MEMORANDUM BY BECK, J.: FILED NOVEMBER 15, 2024
Gregory McDowell (“McDowell”) appeals from the judgment of sentence
imposed by the Philadelphia County Court of Common Pleas (“trial court”)
following resentencing. McDowell challenges the discretionary aspects of his
sentence and the constitutionality of his registration requirements under
subchapter H of the Sexual Offender Registration and Notification Act (“SORNA
II”).1 We affirm.
____________________________________________
1 42 Pa.C.S. §§ 9799.51-9799.75. The Pennsylvania General Assembly enacted Act 10 on February 21, 2018, and Act 29 on June 12, 2018, which are collectively known as SORNA II. See Act of Feb. 21, 2018, P.L. 27, No. 10 (“Act 10”); Act of June 12, 2018, P.L. 140, No. 29 (“Act 29”). SORNA II is divided into two subchapters: “Subchapter H governs those whose offenses occurred after December 20, 2012. Subchapter I applies to those whose offenses were completed prior to that date.” Commonwealth v. Santana, 266 A.3d 528, 530 n.7 (Pa. 2021). J-S31036-24
On February 10, 2017, while McDowell was alone in the house with his
nephew’s twenty-year-old girlfriend (“the victim”), he offered her a drink.

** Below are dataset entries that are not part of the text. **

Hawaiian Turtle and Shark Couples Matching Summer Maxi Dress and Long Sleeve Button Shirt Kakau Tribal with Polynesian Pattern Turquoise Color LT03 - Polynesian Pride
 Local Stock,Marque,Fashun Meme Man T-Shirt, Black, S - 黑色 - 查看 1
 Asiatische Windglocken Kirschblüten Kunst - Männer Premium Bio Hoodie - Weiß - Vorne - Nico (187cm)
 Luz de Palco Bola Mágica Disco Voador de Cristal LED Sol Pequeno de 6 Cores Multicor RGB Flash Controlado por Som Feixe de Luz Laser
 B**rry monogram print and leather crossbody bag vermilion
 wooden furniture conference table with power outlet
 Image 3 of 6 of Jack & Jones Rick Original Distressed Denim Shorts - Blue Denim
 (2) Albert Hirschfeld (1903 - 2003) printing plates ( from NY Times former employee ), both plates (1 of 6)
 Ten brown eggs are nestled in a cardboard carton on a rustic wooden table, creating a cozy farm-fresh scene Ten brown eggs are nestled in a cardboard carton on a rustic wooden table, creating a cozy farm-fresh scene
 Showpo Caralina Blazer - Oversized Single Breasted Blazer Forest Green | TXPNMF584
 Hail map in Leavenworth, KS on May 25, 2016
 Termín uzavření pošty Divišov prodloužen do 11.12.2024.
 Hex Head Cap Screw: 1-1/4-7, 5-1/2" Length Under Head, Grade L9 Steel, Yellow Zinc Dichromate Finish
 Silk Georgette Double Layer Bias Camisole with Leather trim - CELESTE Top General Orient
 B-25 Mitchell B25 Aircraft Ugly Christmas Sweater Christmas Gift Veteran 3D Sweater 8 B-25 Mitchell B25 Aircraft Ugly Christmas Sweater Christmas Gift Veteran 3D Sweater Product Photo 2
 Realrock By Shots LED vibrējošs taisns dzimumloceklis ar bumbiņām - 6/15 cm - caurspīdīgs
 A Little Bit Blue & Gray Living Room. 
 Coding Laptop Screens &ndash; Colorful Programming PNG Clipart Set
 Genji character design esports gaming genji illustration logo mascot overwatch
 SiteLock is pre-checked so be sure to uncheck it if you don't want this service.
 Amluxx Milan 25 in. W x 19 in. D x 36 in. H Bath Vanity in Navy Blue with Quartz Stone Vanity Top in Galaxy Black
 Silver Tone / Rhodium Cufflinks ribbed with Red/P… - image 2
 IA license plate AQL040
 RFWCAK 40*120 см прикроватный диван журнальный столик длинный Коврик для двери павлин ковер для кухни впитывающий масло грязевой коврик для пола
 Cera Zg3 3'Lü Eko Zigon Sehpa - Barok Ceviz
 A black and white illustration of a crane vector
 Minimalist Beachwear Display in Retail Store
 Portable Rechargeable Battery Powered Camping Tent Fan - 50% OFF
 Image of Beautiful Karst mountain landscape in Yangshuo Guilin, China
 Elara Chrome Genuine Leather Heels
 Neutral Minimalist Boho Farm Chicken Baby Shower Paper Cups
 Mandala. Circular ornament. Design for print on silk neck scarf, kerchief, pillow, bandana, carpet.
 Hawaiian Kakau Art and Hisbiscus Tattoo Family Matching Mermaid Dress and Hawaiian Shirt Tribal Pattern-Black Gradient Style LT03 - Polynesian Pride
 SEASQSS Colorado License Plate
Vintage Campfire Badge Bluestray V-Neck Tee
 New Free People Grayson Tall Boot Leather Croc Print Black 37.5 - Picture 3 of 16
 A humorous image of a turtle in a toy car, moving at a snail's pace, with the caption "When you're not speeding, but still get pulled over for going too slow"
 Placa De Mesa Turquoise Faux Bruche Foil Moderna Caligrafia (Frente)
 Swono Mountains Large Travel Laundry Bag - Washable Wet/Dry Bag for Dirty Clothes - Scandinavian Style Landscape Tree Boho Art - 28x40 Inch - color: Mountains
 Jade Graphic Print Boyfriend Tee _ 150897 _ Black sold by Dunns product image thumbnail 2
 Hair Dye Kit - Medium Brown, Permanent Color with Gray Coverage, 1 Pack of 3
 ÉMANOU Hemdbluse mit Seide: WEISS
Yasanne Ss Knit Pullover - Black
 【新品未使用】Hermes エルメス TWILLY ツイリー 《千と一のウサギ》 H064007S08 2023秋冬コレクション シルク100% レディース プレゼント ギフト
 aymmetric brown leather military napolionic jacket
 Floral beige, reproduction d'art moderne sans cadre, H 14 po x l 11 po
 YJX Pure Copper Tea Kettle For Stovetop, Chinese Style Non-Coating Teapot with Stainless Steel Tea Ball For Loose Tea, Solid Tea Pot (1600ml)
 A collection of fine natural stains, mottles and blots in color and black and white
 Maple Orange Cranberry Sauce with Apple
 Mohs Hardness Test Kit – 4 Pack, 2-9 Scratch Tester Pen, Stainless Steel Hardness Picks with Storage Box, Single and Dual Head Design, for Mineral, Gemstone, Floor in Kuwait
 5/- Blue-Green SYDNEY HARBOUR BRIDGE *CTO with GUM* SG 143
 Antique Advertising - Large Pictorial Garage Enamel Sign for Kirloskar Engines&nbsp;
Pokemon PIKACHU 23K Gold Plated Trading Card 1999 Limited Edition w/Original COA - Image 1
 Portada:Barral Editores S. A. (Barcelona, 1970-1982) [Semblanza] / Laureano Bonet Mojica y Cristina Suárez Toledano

After consuming it, the victim blacked out and awoke later in McDowell’s bed,
her clothes removed, with McDowell on top of her having vaginal intercourse
with her. The victim reported the assault, and the police arrested McDowell
and charged him with numerous crimes.
After McDowell waived his right to a jury trial, the case proceeded to a
bench trial. Ultimately, the trial court found McDowell guilty of rape of a
substantially impaired person, sexual assault, and indecent assault without
consent of other. The trial court sentenced McDowell to ten to twenty years
in prison for the rape conviction, and a consecutive term of two and one-half
to five years for the sexual assault conviction. The trial court found that the
sentence for indecent assault merged with the sentence for rape. The trial
court further found that McDowell was subject to lifetime sex offender
registration.
McDowell filed a timely post-sentence motion, which the trial court
denied. On appeal, this Court affirmed McDowell’s convictions but vacated
the sentence, finding that the rape and sexual assault sentences should have
merged, and remanded for resentencing. See Commonwealth v.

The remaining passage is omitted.